I think Fiancé and I are reasonable people. We're romantics, but we've got our heads on straight. We shell out for the things we really want, and bargain hunt for the less important things in life. We're money savvy, sort of. And so we went into wedding planning with the unrealistic expectation that we could afford to get married, we just had to be smart and avoid overspending.





I've already learned a lot since this whole process started, so I'm going to expose some of the best tricks of the wedding business trade.

My first mistake? The wedding dress purchase. My dress is obscenely expensive. But I wasn't prepared when I walked through the door of Allegria Bridal. I fell victim to the most powerful pitch in the biz. The saleswoman stood behind me on the podium and placed a veil on top of my head. "This is the most important day of your life," she told me. I have heard this statement time and time again. And it's loaded. The. Most. Important. Day.

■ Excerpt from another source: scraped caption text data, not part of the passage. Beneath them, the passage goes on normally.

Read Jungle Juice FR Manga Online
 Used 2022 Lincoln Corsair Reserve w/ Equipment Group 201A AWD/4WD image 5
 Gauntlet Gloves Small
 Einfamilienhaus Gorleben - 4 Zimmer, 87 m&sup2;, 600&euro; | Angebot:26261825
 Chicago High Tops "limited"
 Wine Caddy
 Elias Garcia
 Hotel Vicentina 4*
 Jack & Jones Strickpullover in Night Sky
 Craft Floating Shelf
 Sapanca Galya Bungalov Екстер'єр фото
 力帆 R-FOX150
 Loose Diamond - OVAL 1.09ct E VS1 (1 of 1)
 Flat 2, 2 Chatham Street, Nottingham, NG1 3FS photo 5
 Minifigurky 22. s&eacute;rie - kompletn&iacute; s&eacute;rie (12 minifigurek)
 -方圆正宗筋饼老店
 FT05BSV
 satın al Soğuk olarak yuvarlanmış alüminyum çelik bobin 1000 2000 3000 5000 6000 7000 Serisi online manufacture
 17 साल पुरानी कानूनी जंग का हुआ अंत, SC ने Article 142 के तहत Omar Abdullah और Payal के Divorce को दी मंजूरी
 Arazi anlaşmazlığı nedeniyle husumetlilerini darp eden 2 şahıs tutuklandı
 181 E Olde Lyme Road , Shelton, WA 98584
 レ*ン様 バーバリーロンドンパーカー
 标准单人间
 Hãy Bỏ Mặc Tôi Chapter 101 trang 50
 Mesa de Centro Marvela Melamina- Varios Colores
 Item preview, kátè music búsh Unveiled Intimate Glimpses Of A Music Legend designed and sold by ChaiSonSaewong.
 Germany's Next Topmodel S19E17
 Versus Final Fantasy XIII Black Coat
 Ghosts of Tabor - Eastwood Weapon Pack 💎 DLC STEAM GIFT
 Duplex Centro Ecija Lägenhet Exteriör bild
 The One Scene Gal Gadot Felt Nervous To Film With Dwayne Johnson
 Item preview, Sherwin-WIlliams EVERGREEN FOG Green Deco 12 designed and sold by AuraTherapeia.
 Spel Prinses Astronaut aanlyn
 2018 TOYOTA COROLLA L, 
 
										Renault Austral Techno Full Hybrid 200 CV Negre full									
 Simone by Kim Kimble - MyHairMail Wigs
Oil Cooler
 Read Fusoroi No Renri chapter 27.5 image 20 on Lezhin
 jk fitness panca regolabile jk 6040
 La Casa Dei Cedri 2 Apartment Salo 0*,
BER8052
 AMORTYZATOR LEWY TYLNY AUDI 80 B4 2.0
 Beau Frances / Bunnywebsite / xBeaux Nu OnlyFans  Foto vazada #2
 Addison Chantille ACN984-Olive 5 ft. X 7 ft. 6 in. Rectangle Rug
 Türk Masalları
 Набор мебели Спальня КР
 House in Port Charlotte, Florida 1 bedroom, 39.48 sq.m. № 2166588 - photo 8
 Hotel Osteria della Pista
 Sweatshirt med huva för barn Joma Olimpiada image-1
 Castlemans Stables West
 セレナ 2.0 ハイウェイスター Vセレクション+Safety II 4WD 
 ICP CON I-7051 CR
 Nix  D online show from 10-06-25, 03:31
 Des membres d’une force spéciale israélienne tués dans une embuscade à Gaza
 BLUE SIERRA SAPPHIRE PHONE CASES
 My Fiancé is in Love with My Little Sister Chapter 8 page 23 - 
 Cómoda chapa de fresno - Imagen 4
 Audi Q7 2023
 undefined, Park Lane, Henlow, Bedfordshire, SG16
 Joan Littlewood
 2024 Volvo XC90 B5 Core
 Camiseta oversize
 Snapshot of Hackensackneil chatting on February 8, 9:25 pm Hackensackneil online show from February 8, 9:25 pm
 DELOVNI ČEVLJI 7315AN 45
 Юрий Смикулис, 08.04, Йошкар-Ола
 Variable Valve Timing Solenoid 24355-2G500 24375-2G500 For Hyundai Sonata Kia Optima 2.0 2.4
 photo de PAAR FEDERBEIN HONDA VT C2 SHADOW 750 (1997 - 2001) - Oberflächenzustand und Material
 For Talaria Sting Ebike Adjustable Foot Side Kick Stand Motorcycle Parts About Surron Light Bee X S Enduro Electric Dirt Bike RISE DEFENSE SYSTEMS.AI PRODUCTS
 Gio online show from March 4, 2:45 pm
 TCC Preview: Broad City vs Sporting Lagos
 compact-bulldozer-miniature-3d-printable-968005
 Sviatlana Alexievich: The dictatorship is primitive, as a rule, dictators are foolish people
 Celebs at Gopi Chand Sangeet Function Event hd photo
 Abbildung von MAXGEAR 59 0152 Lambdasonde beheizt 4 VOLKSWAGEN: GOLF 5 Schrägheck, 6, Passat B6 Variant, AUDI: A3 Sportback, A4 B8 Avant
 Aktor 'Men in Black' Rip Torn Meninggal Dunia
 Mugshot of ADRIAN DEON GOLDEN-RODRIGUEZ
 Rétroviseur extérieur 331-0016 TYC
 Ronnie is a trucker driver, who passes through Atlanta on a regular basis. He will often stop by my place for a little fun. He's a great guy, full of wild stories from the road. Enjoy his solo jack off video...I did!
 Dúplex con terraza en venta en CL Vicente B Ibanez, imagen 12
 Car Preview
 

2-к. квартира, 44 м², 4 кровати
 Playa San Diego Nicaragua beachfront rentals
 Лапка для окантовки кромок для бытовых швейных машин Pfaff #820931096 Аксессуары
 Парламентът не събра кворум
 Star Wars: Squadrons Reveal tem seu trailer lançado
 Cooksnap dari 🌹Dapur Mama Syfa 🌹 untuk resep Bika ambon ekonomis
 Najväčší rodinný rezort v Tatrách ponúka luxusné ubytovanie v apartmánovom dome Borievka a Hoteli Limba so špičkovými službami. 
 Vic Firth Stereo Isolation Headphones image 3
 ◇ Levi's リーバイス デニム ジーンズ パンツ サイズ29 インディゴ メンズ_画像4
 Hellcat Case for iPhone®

Now, I'm an almost-32 year old woman. This is the most important day of my life? What have all the other days been?

So I handed over my credit card. What have all the other days been? Oh, right. Of course. Practice.

Now, just when I thought I'd learned from my mistake and could anticipate the lure, I fell into a whole other trap. "This wedding isn't for you," the reception site coordinator told us. What this does is very effectively corner you once again. You can't be overly frugal, because you're not spending the money for your own benefit. Even though they've just finished telling you it's your day, now they're going to convince you that it is in fact your duty to provide the perfect day for everyone else. This translates into upgraded china and linens, top shelf liquor, and the brie display instead of the domestic cheeses.

Then there's the classic statement that catches you in a tandem web: "This represents you as a couple," the woman at PaperSource reminded us. We went into the store with the goal of spending as little as possible on invitations and response cards; after all, it's just paper. But suddenly overlay vs. mounting, bows vs. buttons, square vs. rectangle, engraved vs. letterpress... it all has new importance. It's how we announce ourselves. To the world.

All these cliché phrases, they're just words. But they pack a punch. This sounds very silly from a distance. Surely an intelligent couple can navigate through this emotionally charged minefield and dismiss the crap and the sales pitch for what they are? But once the platinum diamond ring is in place, they've got you exactly where they want you. It's as if the very weight of it on your finger throws you off-center.

These are the tricks of the trade we've run into so far. I don't doubt there are many more, as we're only two months into the planning process. But this has been enough to open our eyes to the monster we're up against. Why we thought we, unlike everyone else, would be able to resist the hype is beyond me. These people are skilled. If you're resistant, they just work harder to make you realize that you're being cheap and irreverent. Because they know: the shittier you feel, the more important chivare chairs become.